Pictures are not part of the copy; retype all the records below exactly.

INFORMATION PROVIDED Start Marker

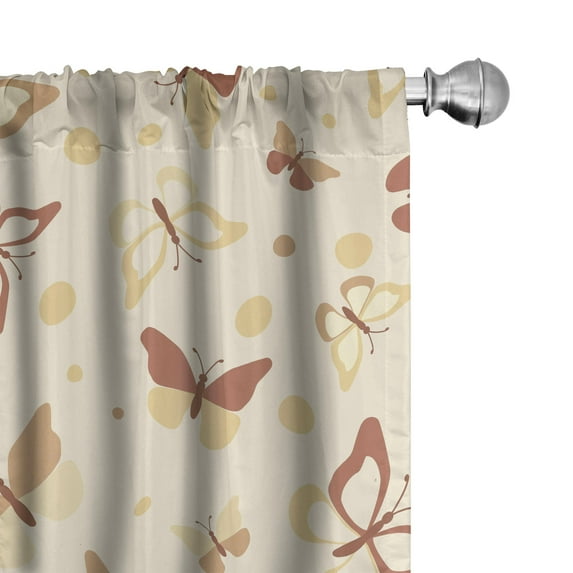 Ambesonne Butterflies Curtains, Gentle and Pastel Tone, Pair of 28"x84", Sand Brown Pale Yellow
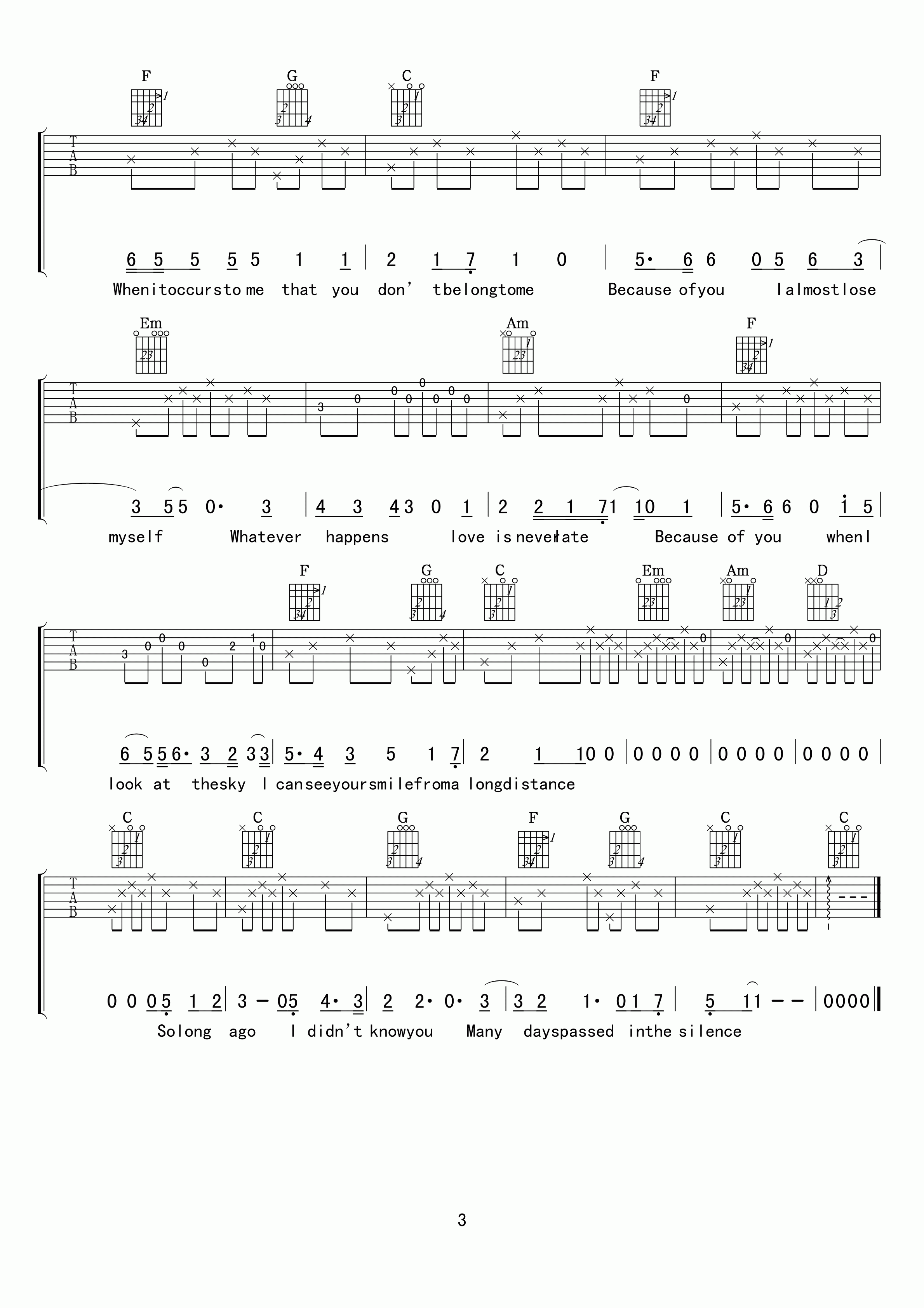 dry cell《So long ago》D调吉他谱
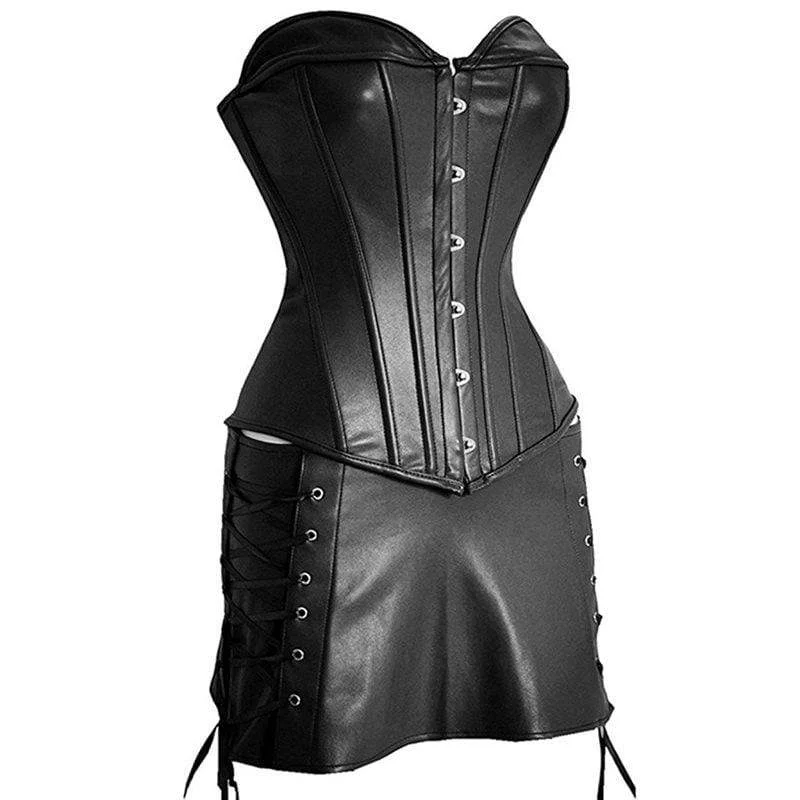 Women's Lace-up Faux Leather Overbust Corsets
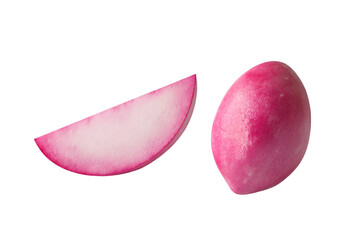 Realistic 3D Render of Whole and Sliced Pink Radish Isolated on White Background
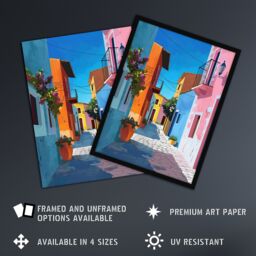 Artery8 Colourful Houses Italian Village Street Painting Framed Art Print - Size: A4 - thumbnail 2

INFORMATION PROVIDED End Marker

#### WRITTEN RESPONSE
 Ambesonne Butterflies Curtains, Gentle and Pastel Tone, Pair of 28"x84", Sand Brown Pale Yellow
 dry cell《So long ago》D调吉他谱
 Women's Lace-up Faux Leather Overbust Corsets
 Realistic 3D Render of Whole and Sliced Pink Radish Isolated on White Background
 Artery8 Colourful Houses Italian Village Street Painting Framed Art Print - Size: A4 - thumbnail 2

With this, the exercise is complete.